Multi-billions of new investment dollars will be required in order to cultivate the untapped in situ resources of Alberta. These untapped resources represent approximately 80% of the estimated recoverable barrels of bitumen in the province with associated future royalties representing multi-billions of dollars for Albertans.
The Panel has grossly underestimated the costs associated with oil sands projects. In the Alliance's experience, the costs used in the Panel's calculations are only two-thirds of actual amounts currently being invested on oil sands projects - resulting in egregious errors and incorrect conclusions.

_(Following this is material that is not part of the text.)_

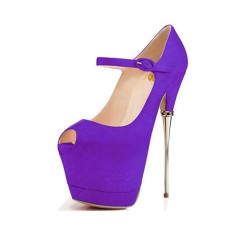 Peep Toe Metal Stiletto Heels Platforms Ankle Buckle Straps Mary Janes Pumps - Purple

The province has created advantages for all Albertans through its existing royalty program, which is based on a partnership with industry. The current regime enables reinvestment in technology, improvements in recovery techniques, emissions management and the development of frontier resources that will benefit Albertans now and in the future. The economic environment generated through this process is at risk.
A workable solution for all stakeholders that will deliver Albertans continued long-term prosperity is needed. To that end, the Alliance, which believes such a solution is achievable, has proposed the following five points for the Government of Alberta to consider:
Ability to pay: Retain a net profit structure which allows for risk-taking by companies and a balanced share of benefits for Albertans.
Share in the upside: Adopt a scaled royalty rate structure that increases based on oil and gas prices above the break-even price for new projects.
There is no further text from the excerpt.